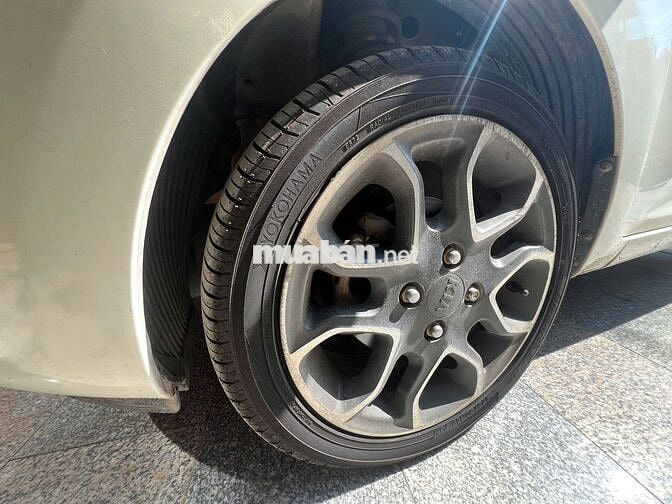 KIA Morning S 2014 160.000 km Trắng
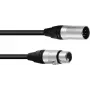 XLR 5 kontaktų DMX laidas PSSO 10 m su Neutrik jungtimis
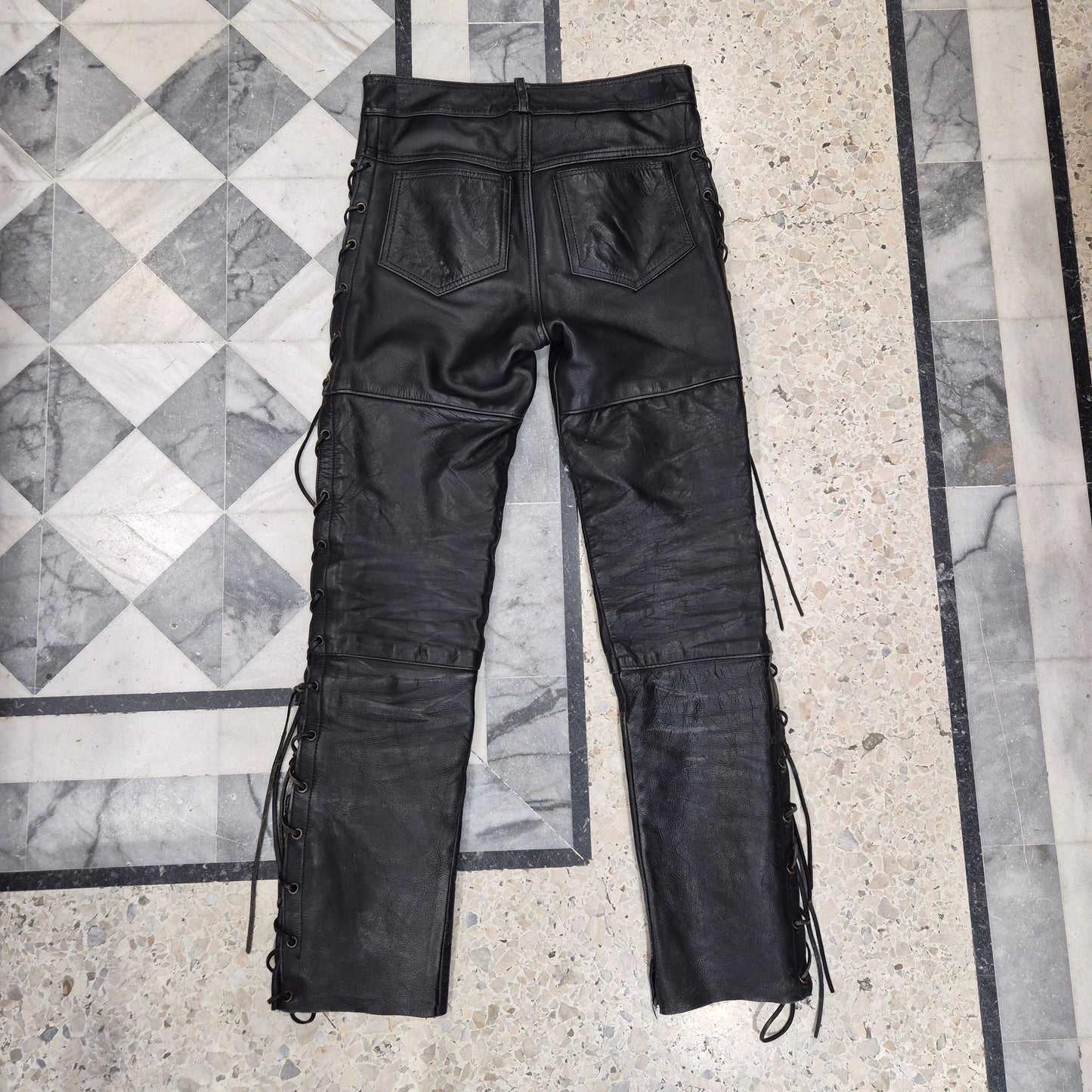 Vintage Leather Pants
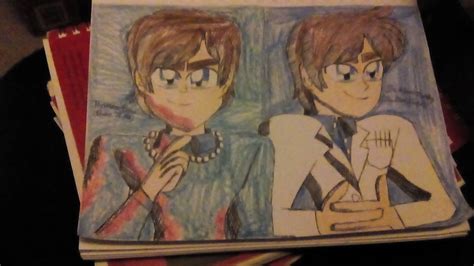 Cc Manga Styled Norman And Shaun Redux By Sissycat94 On Deviantart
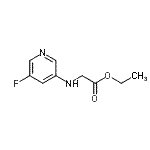 CAS#: 342603-21-8， Ethyl N-(5-Fluoro-3-Pyridinyl)Glycinate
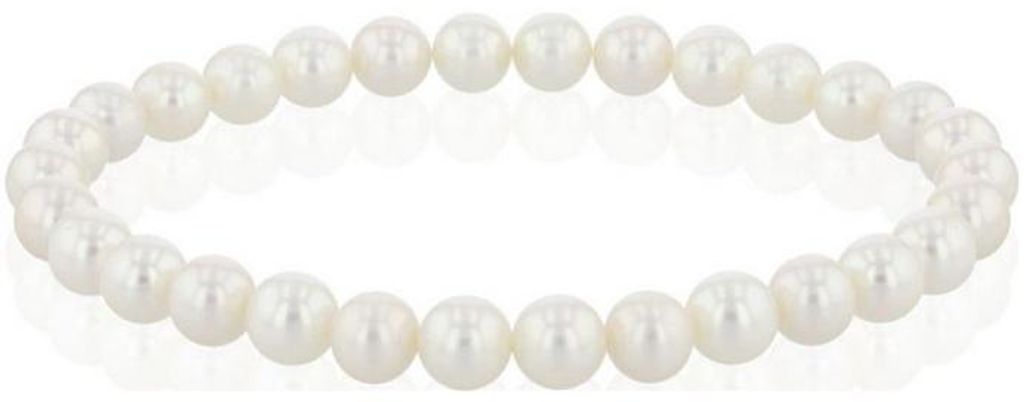 Luna-Pearls - 104.0316_5-5.5mm - Armband - Süßwasser-Perle 5-5.5mm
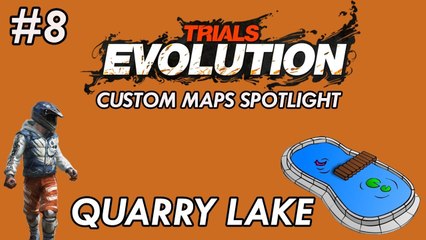 Trials Evolution: Custom Maps Spotlight # 8 - Quarry Lake (George vs Twar97)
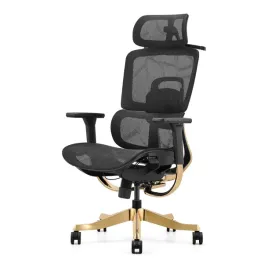 fotel-ergonomiczny-z-regulacja-odcinka-ledzwi-glamour-gold-zloty-stelaz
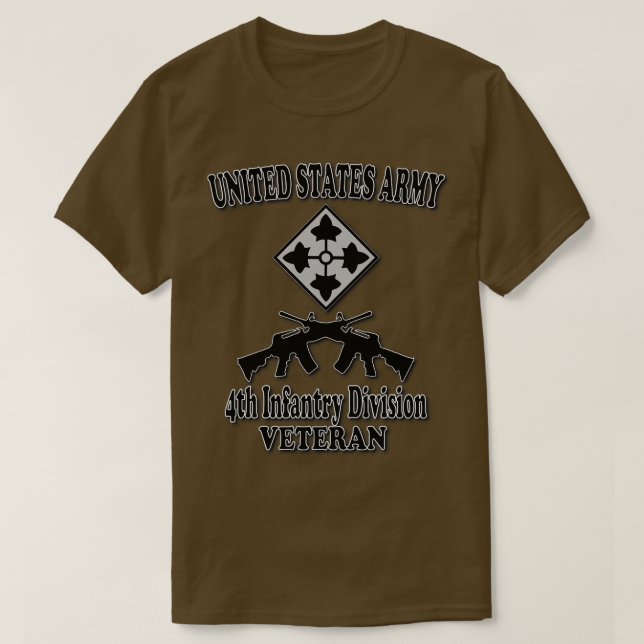 4:e infanteriet 2 t shirt (Design framsida)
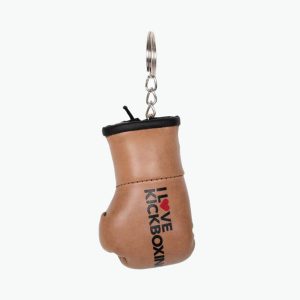 Keychain - Vintage Faux Tan (Text Logo)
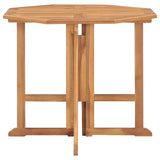 Outdoor Dining Set Teak Solid teak wood Medium Collapsible 3059979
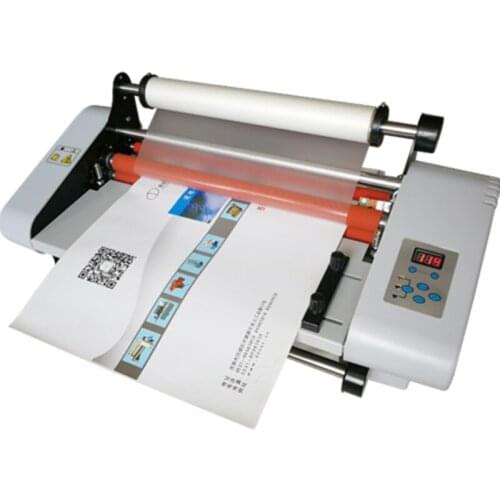 Laminating Machine Hot And Cold Mounting Dual Purpose Book Picture Album Business Card Photo Double Sided Film Heating Laminator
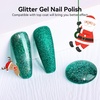 image:imageMakartt Gel Nail Polish Liner Set 8ML 2 Colors White and Black for French Nail Art French Tips Swirls DIY Manicure Soak Off UV Curing with Thin BrushGreen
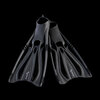 Ласты для дайвинга, размер 43-44, цвет черный 9242078 - изображение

++++

Lines from the one containing "Laminating Machine Hot" through the end of the entries above, both included, are to be written out exactly; no pictures and no other lines.

- _Exercise result_
 Laminating Machine Hot And Cold Mounting Dual Purpose Book Picture Album Business Card Photo Double Sided Film Heating Laminator
 image:imageMakartt Gel Nail Polish Liner Set 8ML 2 Colors White and Black for French Nail Art French Tips Swirls DIY Manicure Soak Off UV Curing with Thin BrushGreen
 Ласты для дайвинга, размер 43-44, цвет черный 9242078 - изображение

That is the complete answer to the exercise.